Carl Bradley performed at venues across the country with stars such as Jimi Hendrix and Janis Joplin. He made history in the Twin Cities with a prominent R&B group in the 1960s and he belonged to four bands inducted into the Mid-America Music Hall of Fame.
But he maintained that his 13 children were his greatest accomplishment.
Bradley died April 1 of heart failure at his Brooklyn Center home. He was 73.
"I remember being in awe," said daughter Andrea York, Brooklyn Center, of seeing her father on stage.
Jesse Bradley, also of Brooklyn Center and the youngest of Bradley's children, said his father enjoyed listening to Billie Holiday and Ella Fitzgerald because he loved jazz and could sing soprano.
"Girls went crazy over his high voice. That's one of the reasons he went big here," Jesse Bradley said.
A 2012 publication from Minneapolis-based label Secret Stash Records, "Twin Cities Funk & Soul: Lost R&B Grooves From Minneapolis/St. Paul 1964-1979," featured Carl Bradley and two bands he joined, including Dave Brady and the Stars. It said the Stars was "one of the first R&B groups in the Twin Cities to find crossover success with white audiences."
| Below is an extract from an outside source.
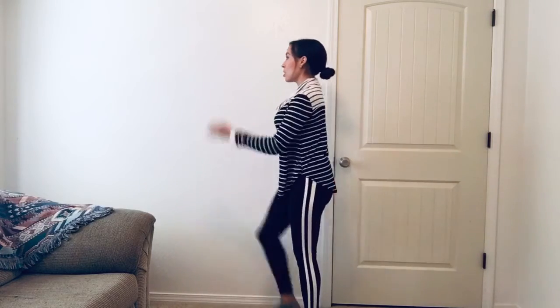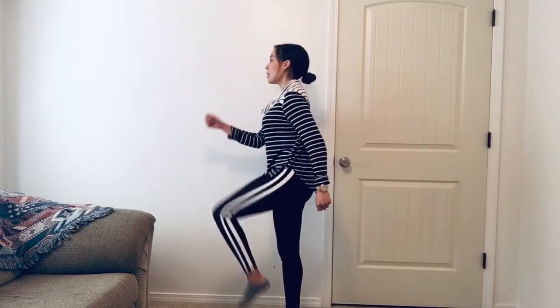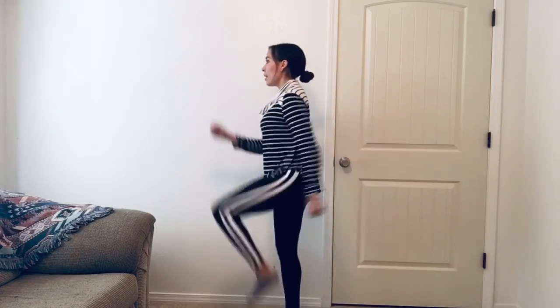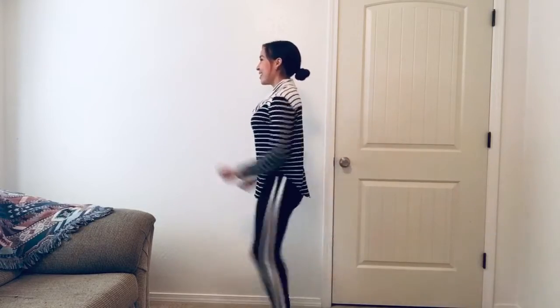And switch, switch, switch. I can go slow or I can go fast. And that is marching.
"White Minnesotans would see the Temptations on television or buy their records, but they would never see R&B around town until Dave Brady and the Stars," Bradley told the publication. "We were the first people of color that many of these places had seen outside of television. They would come up to us and shake our hands and they wouldn't know how to say it, 'You're the first Black guys we've ever met!' That was pretty common to hear around Minnesota back then."